Abstraction barriers and abstract data types are universal – they are the only way to properly capture the inherently stateful nature of the real world, but they must be implemented (and passed around as) immutable, and thus state-less structured data bindings, to prevent unintended side-effects.
Separation of concerns, modularity and hierarchical layering are universal, and re-emerge at all levels of complexity.
At the highest and the most abstract level, Algebraic Data Types, and Composable High-level, State-less Abstract Interfaces (Iterators and other declarative abstractions) are the “high-level building blocks”. This is the essence of the proper “philosophy” of programming, and everything else is just a socially constructed bullshit.

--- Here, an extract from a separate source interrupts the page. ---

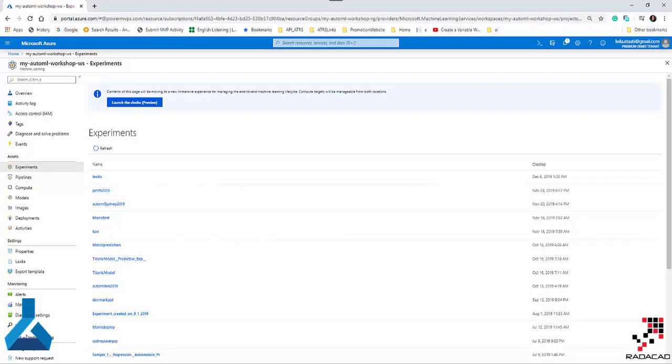Hello everyone. In this short video, I'm going to talk about the new interface of Microsoft Azure Machine Learning Workspace — the new one that was introduced at Ignite 2019 in November, just about a month ago.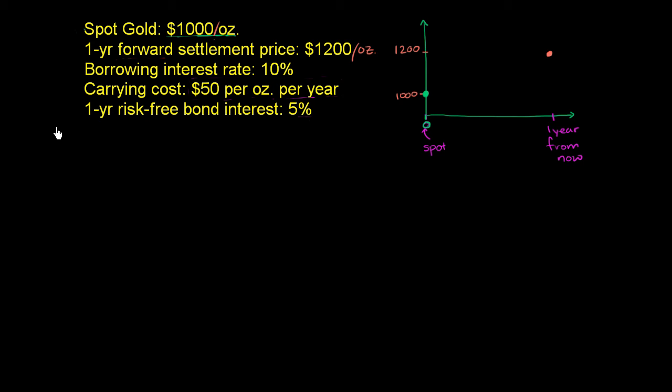Let's see if there's a way to make a risk-free profit. Let me just tell you right from the get-go, there's usually not many ways to make a risk-free profit in the world, so this is very theoretical.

Now a few examples: WhatApp as an Erlang server-side application, built by just a 10 or so smart guys. Clojure, which was bold-enough to actually rely on immutable data structures (and crappy imperative loops). And, especially, Haskell, which is still an executable system of a high-order pure logic (System F Omega), augmented with advanced types and properly captured abstractions built on top of the universal forms and operations.
Everything can be traced back to “What Is” and “Why things are the way they are”, and nothing here is an abstract handwaving and sophistry.
And, of course, the whole “AI” bullshit (at the level of mere and only syntactic forms, without any underlying understanding whatsoever) is just a desperate attempt to avoid the hard work of properly capturing the complexity of the real world into a layered, partitioned systems, which mimics the underlying structure of complexity, using just a few “universal forms” (sequences, trees, DAGs, hash tables) and a few “universal operations” (composition, recursion, higher-order functions, pattern-matching).
And yes, the “cognitive load” builds up as the direct consequence of, and along with the unnecessary, redundant absrations, mismatching in the one-to-one correspondence betwen the layers and individual concepts of the problem domain and their representation at the same highest possible level of abstraction in the code, and using any form of an stateful imperative crap. This, except the fact that imperative crap cannot cognitively scaled in principle (it will inevitably collapse under its weight, just like any large-enough abstract bullshitting), has been well-understood all the way back in the Golden Age of Programming 1970s , 1980s and the early 1990s).
Yes, it is possible to build a very large stable system, such as Google Chrome in C++ (a whole bullshit ideology being actually implemented in an vastly complex, inherently buggy imperative code), but it requires billions of paid man-hours through decades of effort.